The dreams started the next day.
Not nightmares—those came and went like summer storms. These dreams were quieter, slower, filled with symbols Lian couldn't translate. Trees that whispered in a language just out of reach. Mirrors reflecting skies instead of faces. A bird with glowing eyes circling overhead.
Always the bird.
It perched on telephone wires, fence posts, even the foot of his bed once, wings folded tight like secrets. A crow, bigger than normal. Its feathers shimmered faintly with iridescent hues, like oil in water.
It never spoke, but Lian understood it anyway.
It was watching. Waiting.
School returned like a cold slap. Lian drifted through his classes, only half-listening. Words felt like wallpaper—decorative, but meaningless.
Mr. Drayton handed back their essays again. This time, Lian got an A-minus.
"Finding your voice," the teacher said as he placed the paper on Lian's desk. "Keep writing."
Lian blinked. He tried to thank him, but the words jammed up.
As the teacher turned away, Lian glanced up—and saw feathers.
Not real ones. The shimmer of them. Ghost-feathers shadowing Mr. Drayton's shoulders, black and sharp.
But he wasn't a crow. Lian blinked again and saw the bear—the same protective shape as before—but something new fluttered underneath.
We all carry more than one animal, Lian thought.
Maybe we change with time.
Or maybe we were never just one thing to begin with.

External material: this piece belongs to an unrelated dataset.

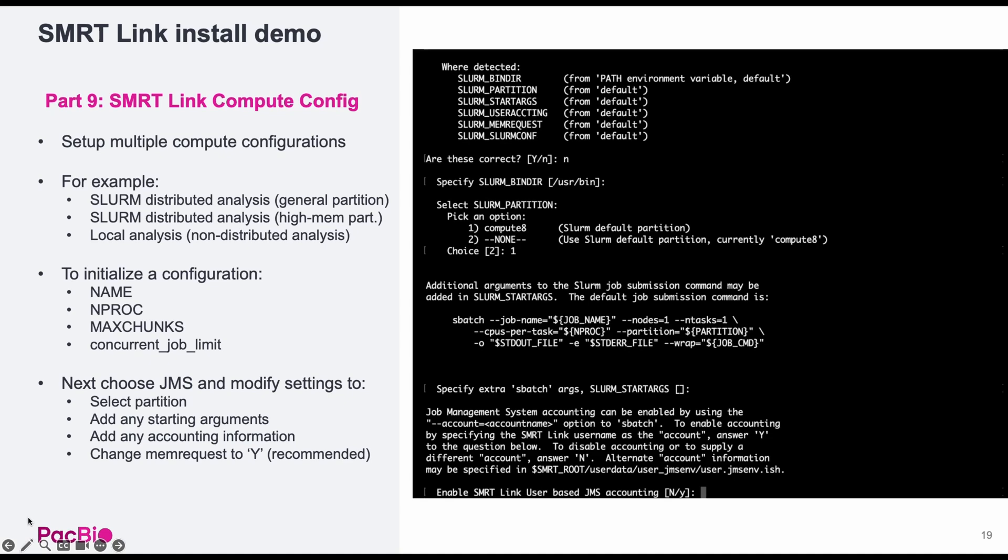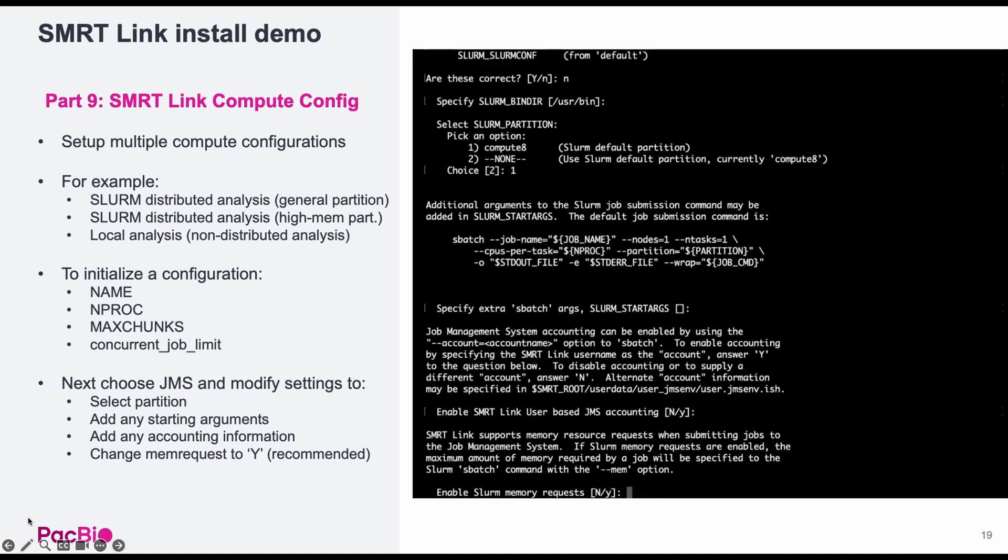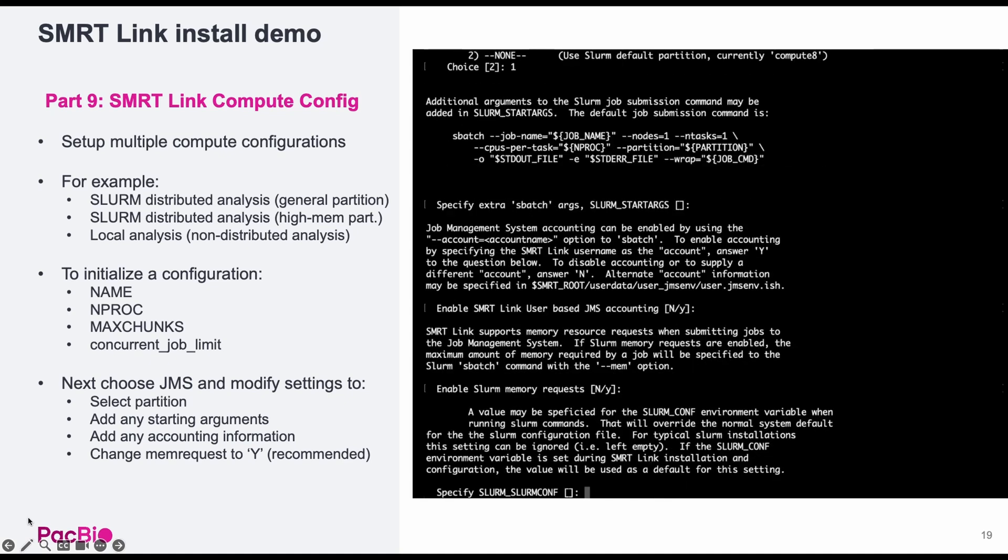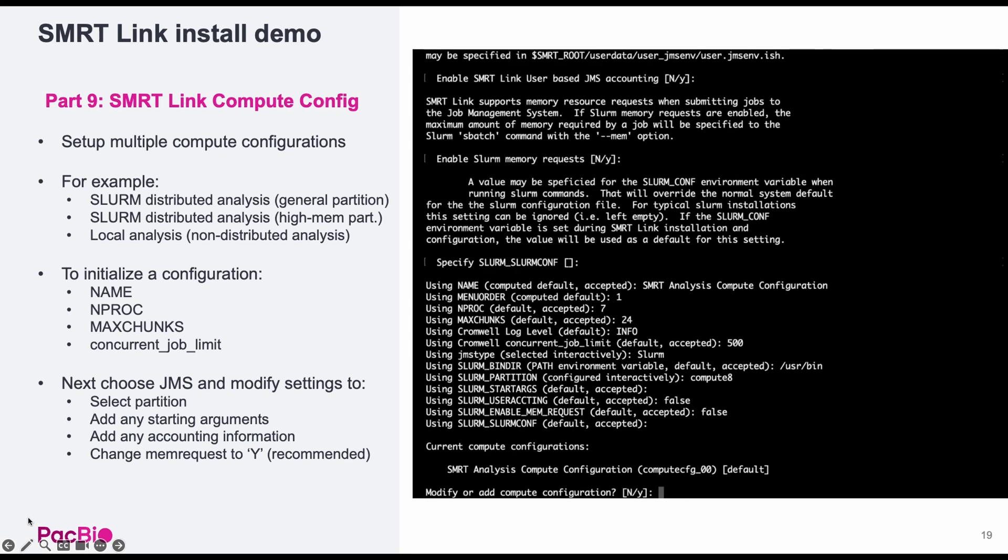You will be asked to confirm the partition you want to use, any additional arguments that need to be added to SBatch commands, any account associated with job submissions, and finally, whether SBatch should request memory for a given workflow, which again, I recommend changing to yes.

After school, Lian walked home alone. Jamie had a dentist appointment, and the other kids didn't invite him anywhere.
He didn't mind. Not much.
He cut through the park, the path quiet except for squirrels and the wind. That's when he saw the crow again—perched on a rusted swing.
This time, it cawed.
Lian froze.
The bird hopped off the swing and flapped up to the jungle gym. Then, as if expecting him, it tilted its head and flew off, not far, but enough to make Lian follow.

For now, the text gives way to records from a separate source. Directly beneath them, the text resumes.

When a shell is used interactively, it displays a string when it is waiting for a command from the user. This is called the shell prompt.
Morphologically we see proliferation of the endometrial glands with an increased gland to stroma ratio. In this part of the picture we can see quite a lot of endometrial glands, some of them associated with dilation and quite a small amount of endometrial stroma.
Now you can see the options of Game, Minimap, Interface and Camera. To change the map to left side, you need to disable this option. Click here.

Down the path, around the bend, through a gap in the trees he'd never noticed.
A clearing. Quiet. Still.
At its center stood a strange structure: part gazebo, part shrine. Covered in vines and paper talismans. An old Chinese charm hung from one corner, fluttering gently.
Lian stepped inside.
Etched into the wood were animals. Dozens of them. Panda. Monkey. Spider. Fox. Crane. Snake. Tiger. Rat.
They circled a central symbol: an eye, surrounded by feathers.
A chill ran up his spine.
This place had waited for him.
Back at home, his father was in the living room, watching TV. His mother stood in the kitchen, chopping vegetables in silence.
Lian sighed and translated something pointless just to avoid the tension.
"He said your soup smells good," he told his mother.
"She said she wants to be left alone," he told his father.
Neither questioned him.
Later that night, as he lay in bed staring at the ceiling, he whispered to the dark:
"What am I?"
No answer.
But somewhere outside, a crow cawed.
The next morning, Lian found something tucked into the back of his notebook.
A page he hadn't written.
It was a drawing.
Of the crow.
Its wings spread wide, but instead of eyes, its face was a mirror.
Beneath it, scrawled in ink that wasn't his:
"Look deeper."
Lian's fingers trembled.
He looked up, heart hammering.
And for the first time—
He felt watched.
But not in a bad way.
Like something was waiting to see what he would do next.